WORK ORDER: Give back exactly the stretch of data below from the line holding "Dětské cyklistické kalhoty" through the line holding "new 2026 Toyota Camry car, priced at $39,421", both ends included, and leave the remaining lines out.

(Data extracted from a collection)
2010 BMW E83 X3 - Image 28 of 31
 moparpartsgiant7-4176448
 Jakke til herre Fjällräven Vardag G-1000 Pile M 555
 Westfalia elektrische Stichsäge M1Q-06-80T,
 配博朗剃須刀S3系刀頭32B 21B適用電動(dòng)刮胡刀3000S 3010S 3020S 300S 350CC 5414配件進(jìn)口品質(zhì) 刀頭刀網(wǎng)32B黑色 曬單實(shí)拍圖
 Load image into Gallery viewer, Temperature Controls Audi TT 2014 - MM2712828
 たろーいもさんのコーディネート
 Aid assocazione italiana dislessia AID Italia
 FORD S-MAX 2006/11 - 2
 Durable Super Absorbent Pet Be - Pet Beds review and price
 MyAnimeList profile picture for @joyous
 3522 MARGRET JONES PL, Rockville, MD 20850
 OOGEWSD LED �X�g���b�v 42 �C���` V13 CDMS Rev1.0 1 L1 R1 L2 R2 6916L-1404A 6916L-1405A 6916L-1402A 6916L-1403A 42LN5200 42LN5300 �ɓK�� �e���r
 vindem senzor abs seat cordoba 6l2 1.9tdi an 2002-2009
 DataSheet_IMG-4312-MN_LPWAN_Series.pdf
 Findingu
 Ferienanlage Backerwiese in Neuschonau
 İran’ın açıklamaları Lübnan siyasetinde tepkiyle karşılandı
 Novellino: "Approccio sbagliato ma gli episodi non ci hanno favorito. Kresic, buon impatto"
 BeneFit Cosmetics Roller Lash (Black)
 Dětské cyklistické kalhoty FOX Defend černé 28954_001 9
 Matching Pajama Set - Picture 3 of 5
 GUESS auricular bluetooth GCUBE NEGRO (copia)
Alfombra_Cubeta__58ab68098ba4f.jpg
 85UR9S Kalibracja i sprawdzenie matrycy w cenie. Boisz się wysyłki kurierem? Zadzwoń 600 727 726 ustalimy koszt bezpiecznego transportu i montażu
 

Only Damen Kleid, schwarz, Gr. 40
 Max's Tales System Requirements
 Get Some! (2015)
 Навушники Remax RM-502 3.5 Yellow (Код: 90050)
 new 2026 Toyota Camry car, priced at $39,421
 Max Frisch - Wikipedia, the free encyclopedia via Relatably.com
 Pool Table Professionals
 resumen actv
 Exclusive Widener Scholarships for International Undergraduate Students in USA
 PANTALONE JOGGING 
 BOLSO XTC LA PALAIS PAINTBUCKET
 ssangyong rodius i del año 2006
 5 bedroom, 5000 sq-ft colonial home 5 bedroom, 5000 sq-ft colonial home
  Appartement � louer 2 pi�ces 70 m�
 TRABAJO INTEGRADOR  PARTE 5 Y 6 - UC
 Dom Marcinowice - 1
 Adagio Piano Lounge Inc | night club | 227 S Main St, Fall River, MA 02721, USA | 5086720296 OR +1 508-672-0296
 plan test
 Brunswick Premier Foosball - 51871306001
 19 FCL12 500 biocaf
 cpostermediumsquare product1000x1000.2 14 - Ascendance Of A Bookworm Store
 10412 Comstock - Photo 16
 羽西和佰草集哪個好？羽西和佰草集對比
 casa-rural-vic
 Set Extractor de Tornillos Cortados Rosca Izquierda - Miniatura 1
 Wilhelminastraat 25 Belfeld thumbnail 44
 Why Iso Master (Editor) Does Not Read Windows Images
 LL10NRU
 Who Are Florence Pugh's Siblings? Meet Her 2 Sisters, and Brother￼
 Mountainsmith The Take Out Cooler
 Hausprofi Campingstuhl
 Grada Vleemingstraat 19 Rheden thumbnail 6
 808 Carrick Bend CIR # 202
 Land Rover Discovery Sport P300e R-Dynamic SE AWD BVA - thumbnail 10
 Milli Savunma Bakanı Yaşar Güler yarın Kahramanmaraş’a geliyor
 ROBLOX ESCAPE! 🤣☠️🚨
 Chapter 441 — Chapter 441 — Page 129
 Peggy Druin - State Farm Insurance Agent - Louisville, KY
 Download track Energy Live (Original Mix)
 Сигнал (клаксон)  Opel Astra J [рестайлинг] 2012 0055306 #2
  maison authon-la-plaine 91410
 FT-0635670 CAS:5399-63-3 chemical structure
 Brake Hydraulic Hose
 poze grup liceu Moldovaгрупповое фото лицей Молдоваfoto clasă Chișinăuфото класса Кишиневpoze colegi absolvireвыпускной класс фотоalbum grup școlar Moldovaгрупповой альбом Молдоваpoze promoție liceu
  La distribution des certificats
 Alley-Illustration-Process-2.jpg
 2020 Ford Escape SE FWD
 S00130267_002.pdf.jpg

TASK SOLUTION:
 Dětské cyklistické kalhoty FOX Defend černé 28954_001 9
 Matching Pajama Set - Picture 3 of 5
 GUESS auricular bluetooth GCUBE NEGRO (copia)
Alfombra_Cubeta__58ab68098ba4f.jpg
 85UR9S Kalibracja i sprawdzenie matrycy w cenie. Boisz się wysyłki kurierem? Zadzwoń 600 727 726 ustalimy koszt bezpiecznego transportu i montażu
 

Only Damen Kleid, schwarz, Gr. 40
 Max's Tales System Requirements
 Get Some! (2015)
 Навушники Remax RM-502 3.5 Yellow (Код: 90050)
 new 2026 Toyota Camry car, priced at $39,421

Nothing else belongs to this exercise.